Benintendi’s hit to right field ended with a replay review. Rather than throw to the cutoff man, right fielder Yasiel Puig fired home to try nabbing Mookie Betts, but his throw was poor. Catcher Austin Barnes caught the ball a few feet in front of and to the right of home plate, then whipped the ball to second base in an attempt to get Benintendi. Benintendi clearly beat the throw, but shortstop Manny Machado kept the tag applied. After Benintendi was ruled safe, the Dodgers challenged, arguing that Benintendi’s hand may have come off the second base bag for a microsecond while Machado’s glove was on him. The ruling on the field was upheld and the Red Sox continued to rally.

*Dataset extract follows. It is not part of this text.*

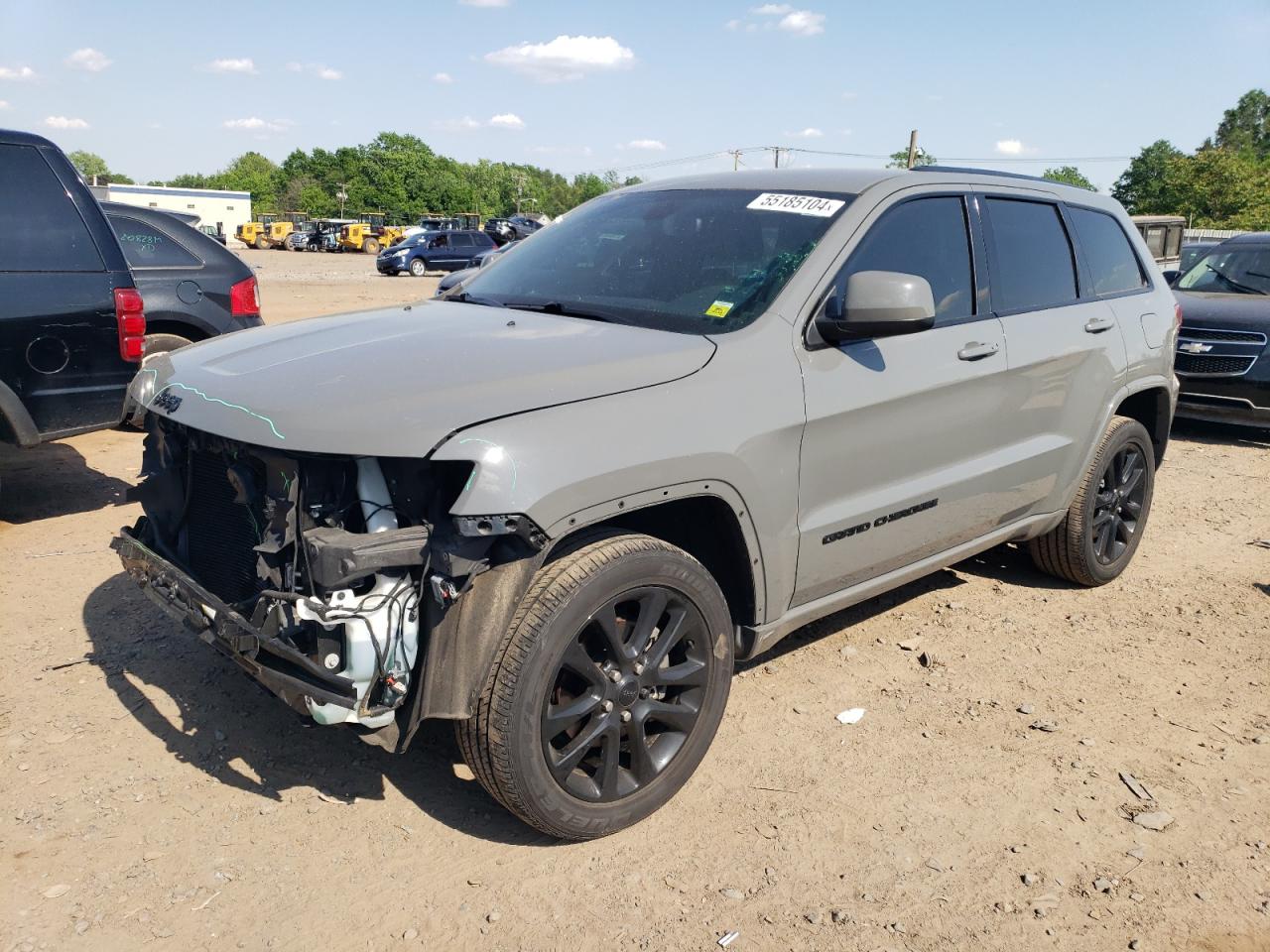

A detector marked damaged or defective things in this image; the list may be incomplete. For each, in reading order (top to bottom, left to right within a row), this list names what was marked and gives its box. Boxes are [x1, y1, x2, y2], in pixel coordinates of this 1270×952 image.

crumpled front end [113, 418, 540, 746]
broken headlight area [123, 413, 548, 734]
damaged gray suv [114, 168, 1175, 837]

Replay review over base-keeping is not in the spirit of the rule and shouldn’t be permitted. Hopefully Major League Baseball considers changing the rule in the offseason. Besides the oftentimes uncontrollable minute infractions, these kinds of replay reviews slow the game down more than other types of reviews because they tend not to be as obvious as other situations.

Baseball has become so technical and rigid that it seems foolish to leave gray area in this regard. A runner is either off the base or he isn’t. However, the gradual result of enforcing these “runner’s hand came off the base for a fraction of a second” situations is runners running less aggressively and sliding less often so there’s no potential of them losing control of their body around the base. Base running, particularly the aggressive, sliding variety, is quietly one of the most fun aspects of the game. Policing the game to this degree, then, serves to make the game less fun and exciting.

Where does one draw the line then? To quote Supreme Court Justice Potter Stewart, describing obscenity in Jacobellis v. Ohio, “I know it when I see it.” This is one area where I am comfortable giving the umpires freedom to enforce the rule at their discretion and making these situations impermissible for replay review.